## Exercise prompt
Please repeat, exactly and without pictures, the lines of the entries below that run from the one containing "Pack Of 9 Floral" through the one containing "design de logotipo".

#####

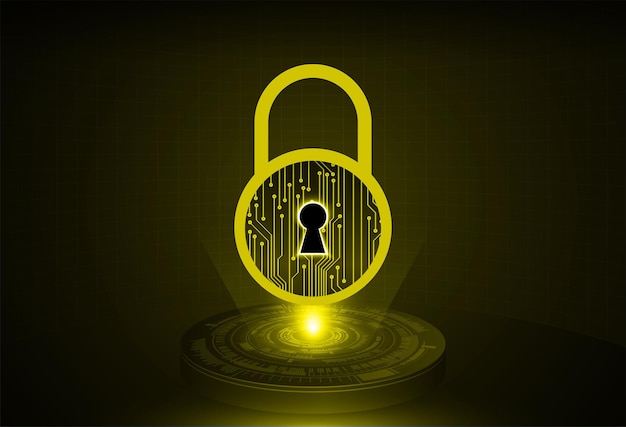Candado cerrado en seguridad cibernética de fondo digital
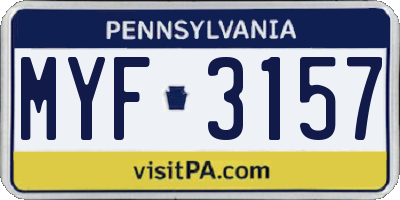 PA license plate MYF3157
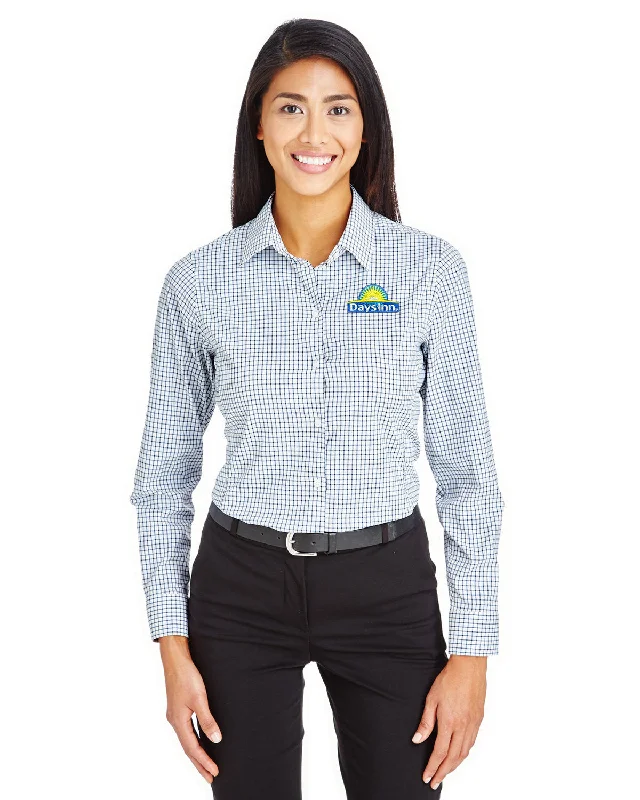 Devon & Jones CrownLux Performance Ladies Micro Windowpane Shirt Streetwear Style for 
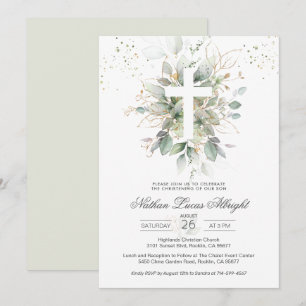 Greenery Foliage Cross Baby Christening Invitation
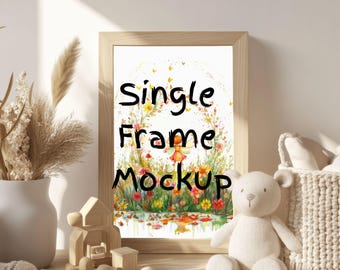 Vertical Nursery Baby Room Frame Mockup | Wooden Frame | Digital Poster Mockup for Prints, Milestone Artwork & Adorable Nursery Wall Decor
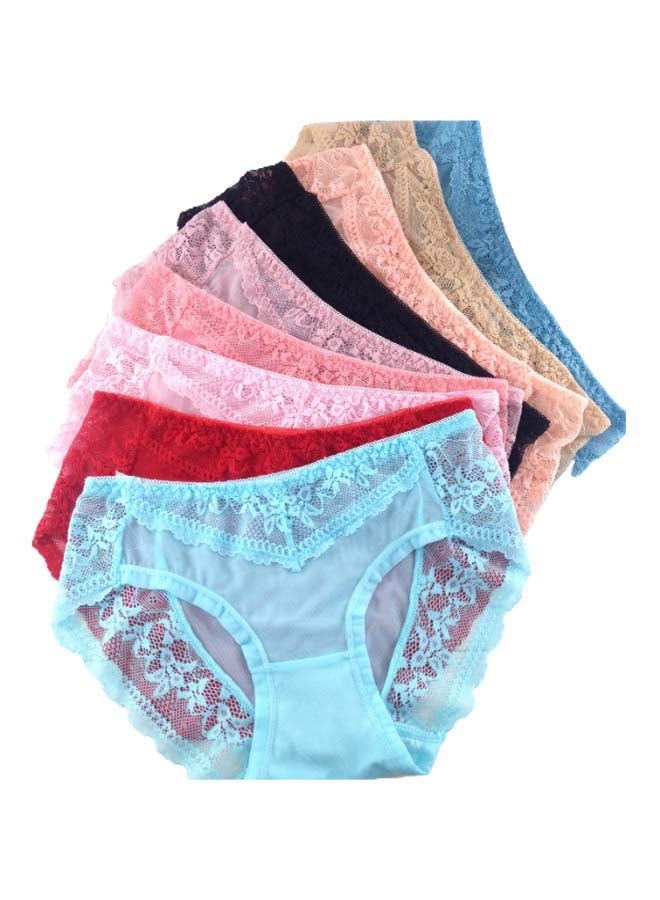 Pack Of 9 Floral Lace Detail Brief Multicolour  - Image 1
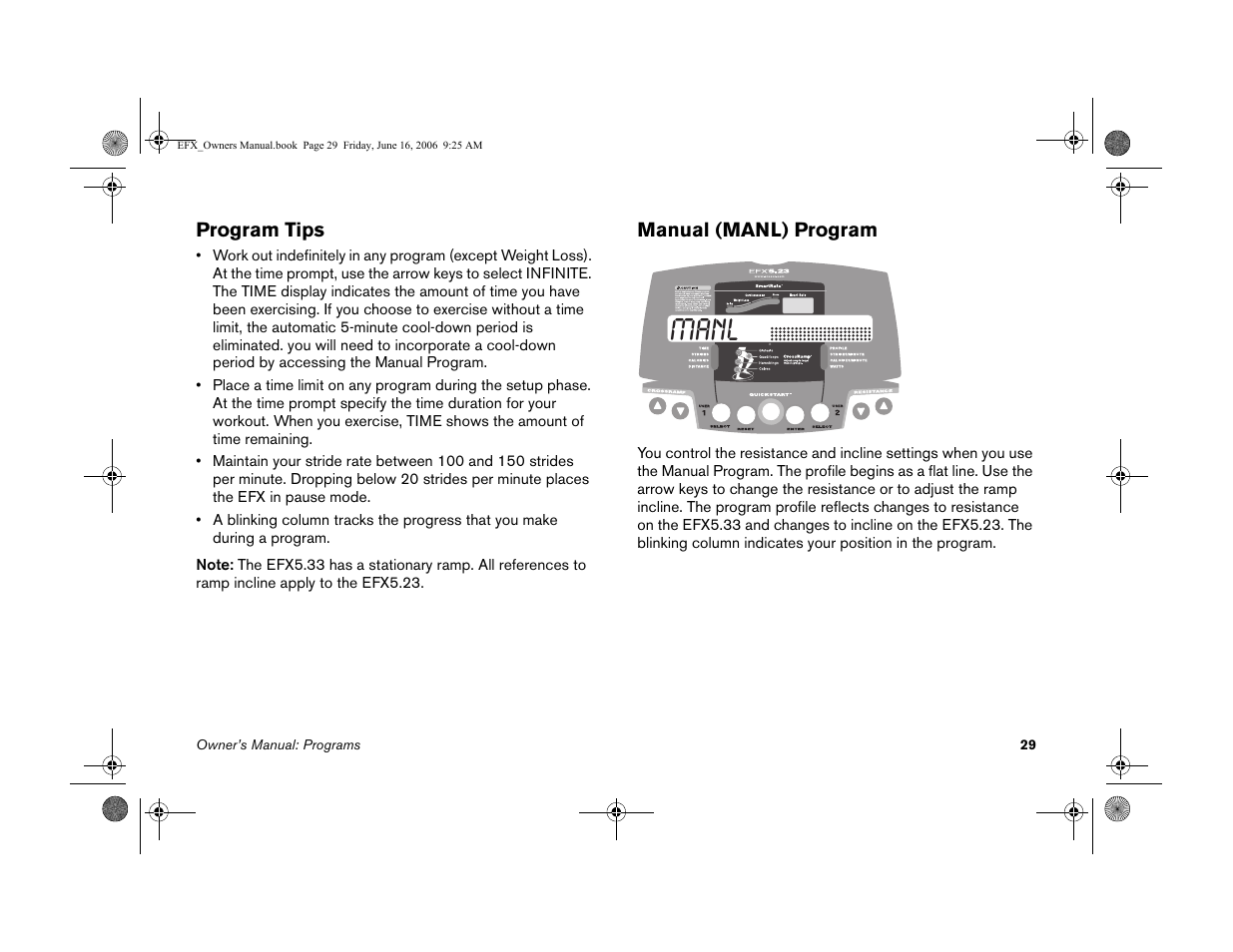 Program tips, Manual (manl) program, Program tips manual (manl) program | Manl | Precor 5.23 User Manual | Page 31 / 68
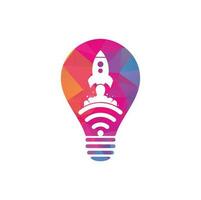 design de logotipo de vetor de conceito de forma de bulbo de foguete wifi. símbolo de sinal wifi e vetor de design de foguete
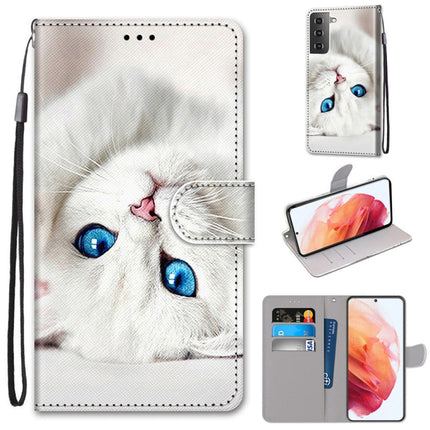 For Samsung Galaxy S21 5G Coloured Drawing Cross Texture Horizontal Flip PU Leather Case with Holder & Card Slots & Wallet & Lanyard(White Kitten)-garmade.com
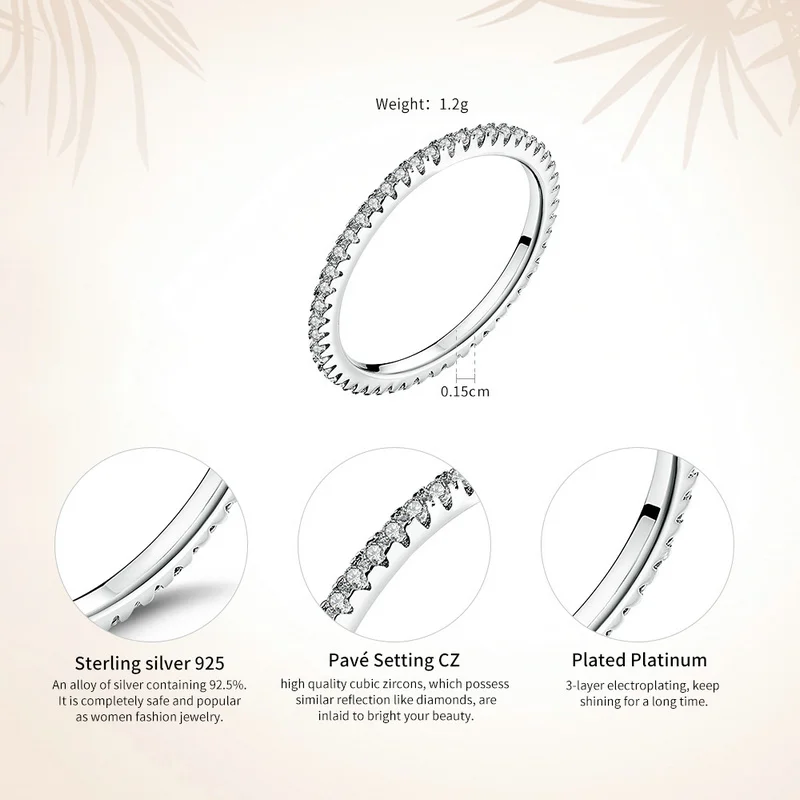 Voroco настоящий 925 пробы Серебряный Простой дизайн круглое обручальное кольцо блестящее прозрачное CZ Кристальное кольцо женские изысканные трендовые ювелирные изделия BKR066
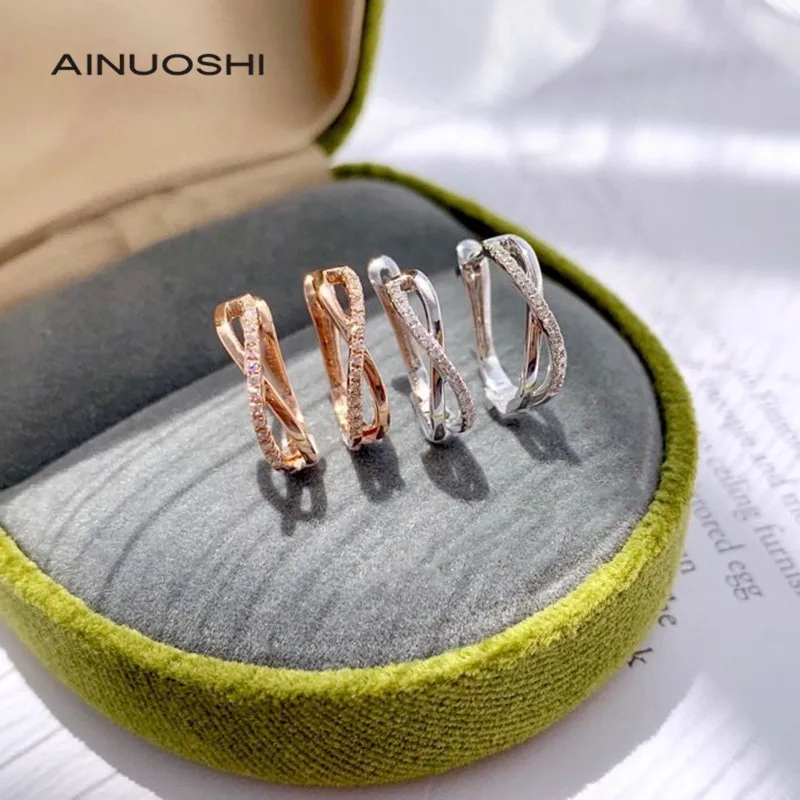 AINUOSHI 18K золото 0.11ct круглая огранка натуральным жемчугом украшенные камнями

#####

## Task solution
 Pack Of 9 Floral Lace Detail Brief Multicolour  - Image 1
 Program tips, Manual (manl) program, Program tips manual (manl) program | Manl | Precor 5.23 User Manual | Page 31 / 68
 design de logotipo de vetor de conceito de forma de bulbo de foguete wifi. símbolo de sinal wifi e vetor de design de foguete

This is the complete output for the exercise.